Interviews

Publié le lundi, 12 novembre 2012 à 08h46

Entretien avec Ginevra Bompiani sur son dernier roman, La Station Thermale

Par Stefano Palombari

Ginevra BompianiGinevra Bompiani écrivaine, éditrice et enseignante de littérature anglaise de passage à Paris pour la promotion de son court roman La Station thermale aux éditions Liana Levi, nous a accordé cette interview.

Pourquoi situer cette histoire dans une station thermale ?

Après avoir été dans une station thermale, celle que j’ai décrite dans le roman et les personnages ont trouvé leur collocation, leur environnement. Et pas que les personnages, l’histoire surtout a trouvé sa « maison ».

Une station thermale aussi car absolument séparée et « autonome » par rapport au monde extérieur ?

Oui, surtout que ce n’est pas une simple station thermale. C’est une station thermale à l’intérieur d’un village qui est à lui-même une station thermale. C’est une sorte de cocon séparé du temps et de l’espace quotidien, normal. D’ailleurs les stations thermales sont des lieux littéraires très fréquentés.

La nourriture y est vraiment si mauvaise ?

La description de la station est très fidèle, tout le reste est totalement imaginaire. Les personnages, les faits… des personnages imaginaires dans un lieu réel.

Lucy est un enfant adopté…

L’adoption symbolise une coupure dans les rapports affectifs, une coupure originelle. Perte de sa famille naturelle avec les souvenirs et les émotions qui y étaient liés. Elle s’est retrouvée dans un milieu totalement différent où elle a dû tout recréer. Il s’agit d’une petite fracture originelle des êtres chers tout à fait compréhensible pour les enfants adoptés mais, somme toute, assez commune à tous les enfants.

C’est pour cela que vous avez choisi une tante pour l’accompagner dans la station thermale ?

Exactement pour la même raison. Lucy est une petite fille qui n’a pas des rapports fantastiques avec ses parents adoptifs…

Avec la tante non plus les rapports ne sont pas exceptionnels…
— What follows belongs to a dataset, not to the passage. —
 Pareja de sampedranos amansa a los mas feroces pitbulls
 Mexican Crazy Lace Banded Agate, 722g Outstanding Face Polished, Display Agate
Tout à fait. Cela s’inscrit dans la même logique. Par ailleurs quasiment tous les personnages, trois sur quatre, ont des difficultés avec les rapports affectifs. Ils n’ont pas une « immédiateté affective ».
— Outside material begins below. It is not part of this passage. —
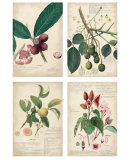 Buy Descubes at AllPosters.com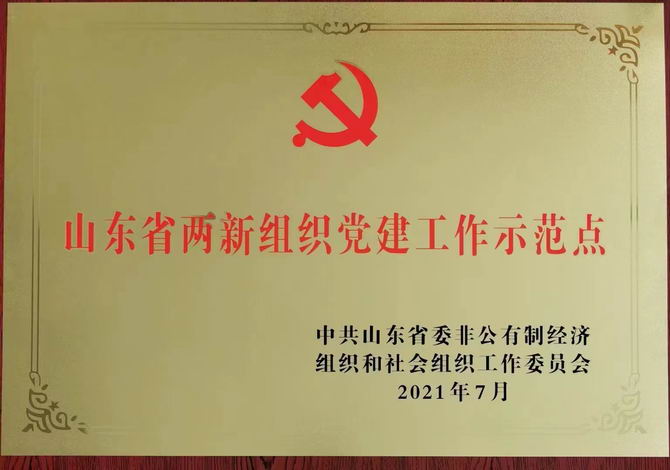 山东省高新组织党建工作示范点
Lucy et Lucia, même prénom, synonyme d’affinités ?

Bien sûr, elles se reconnaissent l’une dans l’autre. Surtout Lucia dans la petite fille…
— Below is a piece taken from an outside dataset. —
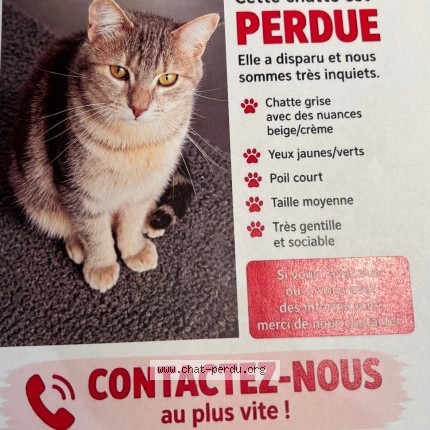 Photo 1/1 jenny Chat perdu à Thoury Ferrottes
Les souffrances les réunissent…

Oui, tout à fait. Surtout par rapport à Giuseppina, qui affronte les adversités avec courage et énergie.
Sinon, pour revenir au théâtre de ces rencontres, j’aimerais souligner que le rapport entre l’histoire et la station thermale est très important. Un lieu fermé dans un temps et un espace propres dans lequel les rapports se transforment et se recréent permettant une réflexion nouvelle et différente sur soi-même.
Mais c’est aussi un lieu assez ambigu, à cause de cette fiction de la naturalité où des gens un peu âgés ou un peu en chair, essayent de repartir, physiquement et moralement. De devenir à nouveau désirables. Tout ça semble être possible avec des méthodes totalement naturelles, en buvant des eaux thermales, en prenant des bains chauds, avec des massages…
Mais c’est totalement faux. On sait bien que pour pouvoir vraiment intervenir sur l’aspect physique il faut des instruments plus agressifs, comme la chirurgie. L’ambiguïté de la station thermale est fondamentale car c’est un lieu qui crée une illusion qu’il démentit lui-même.

La station thermale est une sorte de gynécée ?

Non, il y a des hommes même si les femmes sont nettement majoritaires. Dans mon roman, la présence masculine est laissée volontairement à l’extérieur. Les hommes sont évoqués mais mis à part Stefano, le petit amis de Lucia, les autres ne sont jamais présents.

Ils ne sont pas les exemples les plus flatteurs de la gente masculine…

Ça dépend. Le fiancé de Giuseppina n’est pas mauvais....

Oui, mais on ne sait pas grand-chose de lui. Vous vous focalisez surtout sur les méchants.

Oui, en effet, ils ne sont pas des personnages positifs.